As the size of the metal oxide semiconductor field effect transistor (MOSFET) continues to decrease, two fatal problems arise. One is related with thinning of gate dielectric, and the other is related to short channels. A high dielectric constant (K > 3.9) and metal gate technology can solve the first problem. To solve the second problem, device architecture has to be changed [1]. However, the content of this article addresses only the first issue.

As aforementioned, in order to solve the first problem, metal gate materials are used as gate electrodes, and high-k dielectric materials are used as insulators. The requirement criteria for metal gates include suitable work functions (WF), easy to fabricate, thermal stability, compatibility with dielectric layer and low resistivity [2]. Metal gate materials can be divided into two groups: pMOS (positive MOSFET) metal gate (WF is about 4.8–5.3 eV) and nMOS (negative MOSFET) metal gate (WF is about 4.0–4.5 eV) [3]. The candidate materials for metal gate can be divided into three groups: universal mid-gap metal gate, dual work function metal gate and metal gate with tunable work functions [4]. Generally, pMOS metals are too expensive and difficult to etch, while nMOS metals will be too reactive [5]. Therefore, finding cheap and stable metal gate materials has become a research hotspot. Among the candidate metal gate materials, titanium carbide (TiC) may be one of the most suitable refractories for nMOS gates [6]. It has many unique advantages, such as being relatively inexpensive [7], having high thermal stability (melting point of 3067 °C) [8], low electrical resistivity (about 68 μΩ·cm) [9], high oxidation resistance (it oxidizes slowly in air at 800 °C), excellent chemical resistance (TiC is only attacked by HNO₃ and halogens) [10] and tunable work function (4.45–5.24 eV) [8]. There are a large number of carbon vacancies in TiC, and the stability range of TiC_x is very large (where x varies in the range of 0.47–0.97 without any structural changes) [11,12]. In this way, the thin film properties can be changed by alternation of the atomic fraction without any structural transition [11].

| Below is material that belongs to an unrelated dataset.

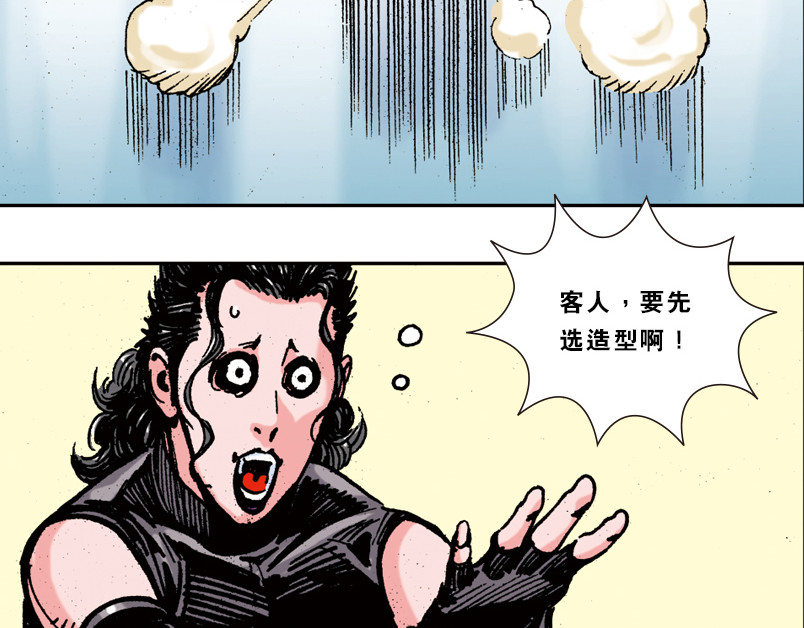 再生猿 第六章：为什么要画这么多新角色 第34页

However, metal gate materials have problems of their own. One of the serious problems is threshold voltage variability due to the variability of gate work function. The variation of work function is due to the difference of preferred orientation, large grains and polycrystalline structure in electrodes [13]. Therefore, one of the most effective methods to reduce the variation of threshold voltage is to prepare metal gates with small grain sizes or amorphous states [14]. Therefore, in order to satisfy the above requirements for metal gates, many studies have been carried out. Ohmori et al. [15] expounded that the threshold voltage variation in TiN metal gate can be reduced by doping C into it to reduce the crystal size and transform it into an amorphous state. Grubbs et al. prepared Ta–W–Si–C amorphous metal gate thin films to reduce the threshold variation [16].

The deposition method and conditions influence the properties of thin films, such as films structure, phase, orientation, composition and film thickness [14]. TiC thin films have been deposited by numerous physical and chemical methods, such as chemical vapor deposition [16], reactive magnetron sputtering [17,18], non-reactive magnetron sputtering [7,19], magnetron co-sputtering [20], laser ablation [21], sol-gel method [22], atomic layer deposition [8] and electron beam evaporation [23]. Although many authors have studied these methods, few people have tried to prepare TiC thin films at low temperature by non-reactive simultaneous co-sputtering [7,24]. There are a lot of advantages of this method, such as being a simple process, inexpensive [25], low temperature deposition [7] and easy to produce for further industrial applications [26]. In addition, the structure and electrical properties of the thin film are related to the C/Ti ratio [27,28,29]. Therefore, in this method, the percentage of elements in the thin film can be conveniently determined by changing the sputtering power applied to each target, which can improve the thin film performance.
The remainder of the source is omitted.